§ DIRECTIONS: The lines to repeat are those below from the one containing "Tummy Tuck Before & After Patient #32133" down to the one containing "Does Pregnancy Blood Work Test For Stds", both included; reproduce them exactly and nothing else.

########################################

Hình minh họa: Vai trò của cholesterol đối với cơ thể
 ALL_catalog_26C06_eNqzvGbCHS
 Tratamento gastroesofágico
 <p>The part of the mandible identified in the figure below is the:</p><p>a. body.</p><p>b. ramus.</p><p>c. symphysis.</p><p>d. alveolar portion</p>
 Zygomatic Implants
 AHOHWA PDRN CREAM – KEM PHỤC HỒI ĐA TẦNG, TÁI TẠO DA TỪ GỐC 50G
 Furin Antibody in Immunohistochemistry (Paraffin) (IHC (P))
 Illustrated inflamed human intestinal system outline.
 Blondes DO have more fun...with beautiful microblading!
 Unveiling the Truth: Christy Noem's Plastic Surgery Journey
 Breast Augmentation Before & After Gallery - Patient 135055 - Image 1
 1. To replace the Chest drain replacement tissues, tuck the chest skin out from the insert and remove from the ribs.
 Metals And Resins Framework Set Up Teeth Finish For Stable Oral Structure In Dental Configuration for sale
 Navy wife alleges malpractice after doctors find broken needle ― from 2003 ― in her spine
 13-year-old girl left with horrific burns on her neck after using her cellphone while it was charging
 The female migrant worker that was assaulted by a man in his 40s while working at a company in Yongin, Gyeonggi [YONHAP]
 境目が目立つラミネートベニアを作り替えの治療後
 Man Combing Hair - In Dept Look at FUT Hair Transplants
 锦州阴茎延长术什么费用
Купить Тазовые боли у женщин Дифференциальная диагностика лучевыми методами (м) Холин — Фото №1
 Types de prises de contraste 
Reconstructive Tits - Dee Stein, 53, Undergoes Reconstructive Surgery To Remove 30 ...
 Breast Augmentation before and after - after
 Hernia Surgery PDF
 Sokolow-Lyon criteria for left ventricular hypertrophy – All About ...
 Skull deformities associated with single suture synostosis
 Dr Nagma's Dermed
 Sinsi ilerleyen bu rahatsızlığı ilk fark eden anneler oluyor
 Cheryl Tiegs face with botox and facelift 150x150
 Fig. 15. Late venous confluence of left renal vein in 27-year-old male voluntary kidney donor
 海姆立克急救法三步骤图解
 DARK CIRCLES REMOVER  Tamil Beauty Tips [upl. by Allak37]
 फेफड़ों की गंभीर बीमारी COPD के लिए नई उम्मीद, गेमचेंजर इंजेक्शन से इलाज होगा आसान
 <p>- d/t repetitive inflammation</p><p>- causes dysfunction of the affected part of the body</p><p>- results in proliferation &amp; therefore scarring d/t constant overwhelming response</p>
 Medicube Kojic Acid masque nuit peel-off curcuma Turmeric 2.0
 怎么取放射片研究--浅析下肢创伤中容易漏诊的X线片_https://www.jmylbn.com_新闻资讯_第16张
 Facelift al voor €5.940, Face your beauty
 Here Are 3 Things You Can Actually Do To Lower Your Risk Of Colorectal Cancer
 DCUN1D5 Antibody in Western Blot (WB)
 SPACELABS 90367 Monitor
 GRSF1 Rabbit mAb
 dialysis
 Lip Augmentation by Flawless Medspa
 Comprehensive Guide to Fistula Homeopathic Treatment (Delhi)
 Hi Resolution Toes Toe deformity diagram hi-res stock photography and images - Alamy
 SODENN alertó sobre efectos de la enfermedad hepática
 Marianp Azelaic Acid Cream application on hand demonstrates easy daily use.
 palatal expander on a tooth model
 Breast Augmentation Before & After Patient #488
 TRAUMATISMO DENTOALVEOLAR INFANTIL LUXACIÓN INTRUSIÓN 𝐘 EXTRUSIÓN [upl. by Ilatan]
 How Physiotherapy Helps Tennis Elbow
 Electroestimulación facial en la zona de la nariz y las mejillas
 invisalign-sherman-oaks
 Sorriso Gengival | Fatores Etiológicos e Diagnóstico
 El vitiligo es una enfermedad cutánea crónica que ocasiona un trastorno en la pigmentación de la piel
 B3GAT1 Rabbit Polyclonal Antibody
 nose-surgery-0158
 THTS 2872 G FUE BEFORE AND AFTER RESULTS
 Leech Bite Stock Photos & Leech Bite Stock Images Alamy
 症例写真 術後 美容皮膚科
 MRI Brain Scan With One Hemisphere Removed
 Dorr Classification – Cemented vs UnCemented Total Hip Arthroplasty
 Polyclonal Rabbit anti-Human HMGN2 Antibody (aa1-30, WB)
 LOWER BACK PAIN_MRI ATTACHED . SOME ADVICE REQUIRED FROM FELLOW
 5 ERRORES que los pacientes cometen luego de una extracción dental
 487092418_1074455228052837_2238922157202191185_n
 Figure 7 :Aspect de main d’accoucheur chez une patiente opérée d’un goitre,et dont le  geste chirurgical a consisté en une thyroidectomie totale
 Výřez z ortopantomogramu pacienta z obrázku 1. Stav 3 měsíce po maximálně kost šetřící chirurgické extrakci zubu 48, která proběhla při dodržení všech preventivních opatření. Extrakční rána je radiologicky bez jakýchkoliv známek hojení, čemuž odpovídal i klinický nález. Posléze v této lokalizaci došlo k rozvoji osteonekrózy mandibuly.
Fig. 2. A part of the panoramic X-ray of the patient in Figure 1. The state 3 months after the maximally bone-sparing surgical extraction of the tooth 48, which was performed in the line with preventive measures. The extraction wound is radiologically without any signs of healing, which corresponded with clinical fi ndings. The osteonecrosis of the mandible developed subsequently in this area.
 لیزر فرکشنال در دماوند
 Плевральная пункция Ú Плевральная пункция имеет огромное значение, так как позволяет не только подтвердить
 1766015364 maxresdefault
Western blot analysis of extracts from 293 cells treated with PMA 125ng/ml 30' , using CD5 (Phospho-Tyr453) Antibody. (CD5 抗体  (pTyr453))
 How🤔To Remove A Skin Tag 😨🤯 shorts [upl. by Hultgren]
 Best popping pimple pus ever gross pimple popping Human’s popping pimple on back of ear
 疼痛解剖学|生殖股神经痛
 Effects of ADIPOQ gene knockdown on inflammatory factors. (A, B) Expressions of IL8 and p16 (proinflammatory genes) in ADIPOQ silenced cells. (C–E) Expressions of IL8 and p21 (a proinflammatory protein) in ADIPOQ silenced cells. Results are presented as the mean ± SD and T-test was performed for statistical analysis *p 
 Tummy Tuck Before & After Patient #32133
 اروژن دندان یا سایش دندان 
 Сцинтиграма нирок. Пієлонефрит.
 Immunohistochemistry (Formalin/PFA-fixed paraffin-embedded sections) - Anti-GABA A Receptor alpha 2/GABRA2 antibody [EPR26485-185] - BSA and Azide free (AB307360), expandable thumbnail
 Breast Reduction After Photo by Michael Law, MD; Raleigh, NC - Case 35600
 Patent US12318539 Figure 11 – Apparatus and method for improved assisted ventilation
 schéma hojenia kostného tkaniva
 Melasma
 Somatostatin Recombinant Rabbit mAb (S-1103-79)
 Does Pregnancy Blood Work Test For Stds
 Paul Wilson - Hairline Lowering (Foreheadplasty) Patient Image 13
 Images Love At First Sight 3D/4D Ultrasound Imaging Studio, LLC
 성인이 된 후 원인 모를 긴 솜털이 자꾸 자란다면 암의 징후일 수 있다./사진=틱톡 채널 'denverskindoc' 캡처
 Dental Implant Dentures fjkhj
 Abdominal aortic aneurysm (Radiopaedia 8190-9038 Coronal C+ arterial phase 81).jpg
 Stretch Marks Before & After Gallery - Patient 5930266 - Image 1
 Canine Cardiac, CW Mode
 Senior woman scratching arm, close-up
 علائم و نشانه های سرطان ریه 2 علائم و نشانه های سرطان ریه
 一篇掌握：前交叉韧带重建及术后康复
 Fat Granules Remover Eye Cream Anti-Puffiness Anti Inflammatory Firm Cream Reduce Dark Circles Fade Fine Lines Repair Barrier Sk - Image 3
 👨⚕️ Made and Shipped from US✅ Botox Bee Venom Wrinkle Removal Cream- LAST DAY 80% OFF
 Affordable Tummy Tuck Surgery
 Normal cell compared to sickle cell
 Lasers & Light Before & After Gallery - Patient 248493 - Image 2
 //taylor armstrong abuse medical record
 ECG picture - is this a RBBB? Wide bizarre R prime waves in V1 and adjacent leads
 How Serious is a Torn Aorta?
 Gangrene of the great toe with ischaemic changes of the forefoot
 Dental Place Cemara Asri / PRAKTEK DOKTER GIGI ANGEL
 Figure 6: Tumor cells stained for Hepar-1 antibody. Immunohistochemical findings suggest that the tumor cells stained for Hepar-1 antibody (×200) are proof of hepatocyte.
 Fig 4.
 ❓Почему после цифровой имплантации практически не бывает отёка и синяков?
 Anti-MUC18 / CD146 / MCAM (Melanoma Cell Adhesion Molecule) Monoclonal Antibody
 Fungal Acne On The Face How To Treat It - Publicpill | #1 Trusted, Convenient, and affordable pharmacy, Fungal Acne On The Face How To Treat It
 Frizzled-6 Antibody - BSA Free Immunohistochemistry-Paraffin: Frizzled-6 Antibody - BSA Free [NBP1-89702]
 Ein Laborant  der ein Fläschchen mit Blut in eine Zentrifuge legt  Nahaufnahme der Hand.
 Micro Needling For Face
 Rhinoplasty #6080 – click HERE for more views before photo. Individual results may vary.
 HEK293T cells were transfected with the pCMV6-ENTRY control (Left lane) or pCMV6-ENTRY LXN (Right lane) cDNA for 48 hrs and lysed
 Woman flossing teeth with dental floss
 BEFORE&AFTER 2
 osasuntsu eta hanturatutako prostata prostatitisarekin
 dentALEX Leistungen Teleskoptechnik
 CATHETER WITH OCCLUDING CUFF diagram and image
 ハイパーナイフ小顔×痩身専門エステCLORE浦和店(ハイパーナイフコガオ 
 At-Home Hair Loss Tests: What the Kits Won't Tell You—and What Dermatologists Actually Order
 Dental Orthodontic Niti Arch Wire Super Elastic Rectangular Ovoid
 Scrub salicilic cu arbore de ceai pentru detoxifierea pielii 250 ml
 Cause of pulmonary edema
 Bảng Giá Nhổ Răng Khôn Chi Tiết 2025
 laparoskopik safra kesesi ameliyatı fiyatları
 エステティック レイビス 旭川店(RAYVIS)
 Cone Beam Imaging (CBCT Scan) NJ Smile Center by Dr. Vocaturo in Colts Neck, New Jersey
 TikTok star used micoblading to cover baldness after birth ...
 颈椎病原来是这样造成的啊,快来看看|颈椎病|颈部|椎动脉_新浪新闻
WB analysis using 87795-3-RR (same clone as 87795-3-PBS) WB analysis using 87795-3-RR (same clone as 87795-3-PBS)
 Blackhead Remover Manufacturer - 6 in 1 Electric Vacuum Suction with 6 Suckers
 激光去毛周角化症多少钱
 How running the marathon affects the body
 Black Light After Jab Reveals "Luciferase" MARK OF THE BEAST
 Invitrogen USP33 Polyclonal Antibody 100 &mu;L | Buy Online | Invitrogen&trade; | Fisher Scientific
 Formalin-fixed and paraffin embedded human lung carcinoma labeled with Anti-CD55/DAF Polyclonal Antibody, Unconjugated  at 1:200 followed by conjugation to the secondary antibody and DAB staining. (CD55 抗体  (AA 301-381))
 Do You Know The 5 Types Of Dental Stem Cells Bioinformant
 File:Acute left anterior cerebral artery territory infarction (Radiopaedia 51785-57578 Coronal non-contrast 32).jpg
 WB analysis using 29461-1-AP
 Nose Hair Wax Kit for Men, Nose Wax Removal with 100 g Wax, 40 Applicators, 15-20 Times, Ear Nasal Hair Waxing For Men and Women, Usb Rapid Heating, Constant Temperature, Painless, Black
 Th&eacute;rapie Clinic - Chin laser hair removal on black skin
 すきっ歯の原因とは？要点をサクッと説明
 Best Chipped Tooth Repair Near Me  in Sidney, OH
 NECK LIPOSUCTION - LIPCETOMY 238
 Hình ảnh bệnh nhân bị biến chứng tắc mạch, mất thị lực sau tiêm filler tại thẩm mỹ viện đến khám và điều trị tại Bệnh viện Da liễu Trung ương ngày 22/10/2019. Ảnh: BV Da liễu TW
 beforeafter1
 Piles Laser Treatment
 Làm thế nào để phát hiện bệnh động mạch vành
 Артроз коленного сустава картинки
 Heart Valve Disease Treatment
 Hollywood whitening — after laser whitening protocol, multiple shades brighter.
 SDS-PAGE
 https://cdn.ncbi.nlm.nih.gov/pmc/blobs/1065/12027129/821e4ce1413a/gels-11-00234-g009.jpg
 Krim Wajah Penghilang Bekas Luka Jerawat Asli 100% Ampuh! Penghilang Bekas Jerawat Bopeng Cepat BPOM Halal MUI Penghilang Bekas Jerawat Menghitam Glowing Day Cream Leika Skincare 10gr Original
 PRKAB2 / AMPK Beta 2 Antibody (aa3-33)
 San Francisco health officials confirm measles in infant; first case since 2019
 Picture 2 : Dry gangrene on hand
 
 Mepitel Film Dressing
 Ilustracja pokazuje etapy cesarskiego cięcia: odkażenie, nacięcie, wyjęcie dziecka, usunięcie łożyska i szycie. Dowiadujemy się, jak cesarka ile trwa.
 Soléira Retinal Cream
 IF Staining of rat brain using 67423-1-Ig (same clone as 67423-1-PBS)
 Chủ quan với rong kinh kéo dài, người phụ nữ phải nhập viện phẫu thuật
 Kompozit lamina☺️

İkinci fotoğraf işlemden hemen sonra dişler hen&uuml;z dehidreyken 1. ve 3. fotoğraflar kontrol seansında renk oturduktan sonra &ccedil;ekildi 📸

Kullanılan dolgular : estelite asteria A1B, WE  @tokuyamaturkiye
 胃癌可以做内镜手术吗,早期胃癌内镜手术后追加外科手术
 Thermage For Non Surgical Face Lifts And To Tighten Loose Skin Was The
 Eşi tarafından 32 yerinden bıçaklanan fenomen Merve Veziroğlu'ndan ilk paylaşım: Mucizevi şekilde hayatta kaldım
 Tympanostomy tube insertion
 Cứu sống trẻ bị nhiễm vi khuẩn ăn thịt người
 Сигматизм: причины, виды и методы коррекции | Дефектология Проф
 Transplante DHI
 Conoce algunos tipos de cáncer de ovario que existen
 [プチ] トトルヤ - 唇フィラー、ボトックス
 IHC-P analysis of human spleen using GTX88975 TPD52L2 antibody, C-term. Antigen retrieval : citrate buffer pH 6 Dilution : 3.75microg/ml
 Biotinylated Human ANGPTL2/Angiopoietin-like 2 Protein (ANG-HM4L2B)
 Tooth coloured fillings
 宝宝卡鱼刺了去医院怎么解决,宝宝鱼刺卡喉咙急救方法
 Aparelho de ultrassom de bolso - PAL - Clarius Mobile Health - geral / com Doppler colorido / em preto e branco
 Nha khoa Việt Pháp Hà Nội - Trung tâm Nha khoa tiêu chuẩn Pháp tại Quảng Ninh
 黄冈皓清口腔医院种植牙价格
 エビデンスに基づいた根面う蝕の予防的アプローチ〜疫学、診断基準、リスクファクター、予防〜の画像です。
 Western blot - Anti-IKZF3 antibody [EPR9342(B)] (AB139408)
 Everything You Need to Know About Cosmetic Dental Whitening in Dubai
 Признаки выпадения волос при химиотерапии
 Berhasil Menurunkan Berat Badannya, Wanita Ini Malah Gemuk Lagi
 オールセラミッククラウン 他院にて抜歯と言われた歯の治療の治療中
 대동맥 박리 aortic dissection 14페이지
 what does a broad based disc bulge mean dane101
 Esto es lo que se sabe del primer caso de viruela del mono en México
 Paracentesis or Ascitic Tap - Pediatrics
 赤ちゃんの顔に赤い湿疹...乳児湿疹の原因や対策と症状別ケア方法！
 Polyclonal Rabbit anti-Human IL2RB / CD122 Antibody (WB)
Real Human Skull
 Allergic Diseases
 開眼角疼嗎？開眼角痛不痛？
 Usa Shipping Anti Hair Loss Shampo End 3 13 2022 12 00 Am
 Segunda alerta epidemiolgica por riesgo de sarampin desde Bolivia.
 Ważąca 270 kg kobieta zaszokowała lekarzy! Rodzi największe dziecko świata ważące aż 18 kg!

########################################

§ EXPECTED ANSWER:
 Tummy Tuck Before & After Patient #32133
 اروژن دندان یا سایش دندان 
 Сцинтиграма нирок. Пієлонефрит.
 Immunohistochemistry (Formalin/PFA-fixed paraffin-embedded sections) - Anti-GABA A Receptor alpha 2/GABRA2 antibody [EPR26485-185] - BSA and Azide free (AB307360), expandable thumbnail
 Breast Reduction After Photo by Michael Law, MD; Raleigh, NC - Case 35600
 Patent US12318539 Figure 11 – Apparatus and method for improved assisted ventilation
 schéma hojenia kostného tkaniva
 Melasma
 Somatostatin Recombinant Rabbit mAb (S-1103-79)
 Does Pregnancy Blood Work Test For Stds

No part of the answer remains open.